Here are the basic steps used when estimating a Bayesian regression model.

* Specify a _full probability model_ that defines the relationships between variables, and the distributions of all parameters and functions of them. 

* Select a _sampling method_ that is used iteratively to obtained values from the marginal conditional posterior of each parameter that is defined in your model specification.

* Define initial values for each parameter, your $\theta$ elements, and let your algorithm run.

* Each iteration of it produces a "draw," a value, from the posterior of each parameter. A series of draws is called a "chain" or a "trace."

* Based on a general theory of ergodicity, given that a model's parameters are sufficiently identified in your specification, these chains of parameter value estimates will "settle in" to be random draws from stable, conditional posterior parameter distributions.  


Once you've approximated the conditional joint posterior probability distribution of model parameters, you can use it to make predictions for new data.  You can get prediction error estimates by using the new data and making random draws from  the posterior density.

### But, Why?

* Bayesian modeling methods can be used to estimate where it's not possible to use non-Bayesian methods. 

* Bayesian estimates are _shrinkage_ estimates, so that they tend to mitigate overfitting by models.  

* Bayesian models can incorporate _prior knowledge_ into the estimation of parameters given data.
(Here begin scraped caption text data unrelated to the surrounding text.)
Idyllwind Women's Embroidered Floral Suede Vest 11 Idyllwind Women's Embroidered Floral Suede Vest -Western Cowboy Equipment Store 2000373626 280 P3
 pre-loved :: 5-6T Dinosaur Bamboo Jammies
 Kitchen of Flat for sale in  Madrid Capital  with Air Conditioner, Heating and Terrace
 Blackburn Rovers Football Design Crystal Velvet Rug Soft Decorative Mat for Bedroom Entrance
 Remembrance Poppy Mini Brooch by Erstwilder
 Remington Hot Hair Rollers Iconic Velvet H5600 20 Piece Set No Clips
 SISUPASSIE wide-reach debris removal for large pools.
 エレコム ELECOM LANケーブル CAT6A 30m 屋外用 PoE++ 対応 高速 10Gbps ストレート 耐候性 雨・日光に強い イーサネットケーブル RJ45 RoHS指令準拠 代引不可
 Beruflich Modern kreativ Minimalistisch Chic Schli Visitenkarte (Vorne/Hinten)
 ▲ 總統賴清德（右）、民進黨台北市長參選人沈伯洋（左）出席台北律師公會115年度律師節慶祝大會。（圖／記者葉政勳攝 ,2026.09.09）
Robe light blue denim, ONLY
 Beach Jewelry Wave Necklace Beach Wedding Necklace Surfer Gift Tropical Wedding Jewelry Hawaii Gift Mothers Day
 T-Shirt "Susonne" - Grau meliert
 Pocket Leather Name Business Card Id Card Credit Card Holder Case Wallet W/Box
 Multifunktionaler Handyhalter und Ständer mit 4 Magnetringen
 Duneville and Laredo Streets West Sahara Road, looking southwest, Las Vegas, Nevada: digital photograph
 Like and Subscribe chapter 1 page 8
* Hypothesis testing doesn't require relying on asymptotics as sample sizes to to infinity, or to doing thought experiments using imaginary data. 

* Once you've estimated parameter chains, you can use them to compute posterior distributions of _functions_ of the parameters.  

* Parameters for individual observational units can be estimated even when the unit-level data are sparse due to the "partial pooling" of information that hierarchical models afford.

* Bayesian methods provide a "natural" way of dealing with missing values.  You just estimate them as parameters are estimated, all together in the same simulation.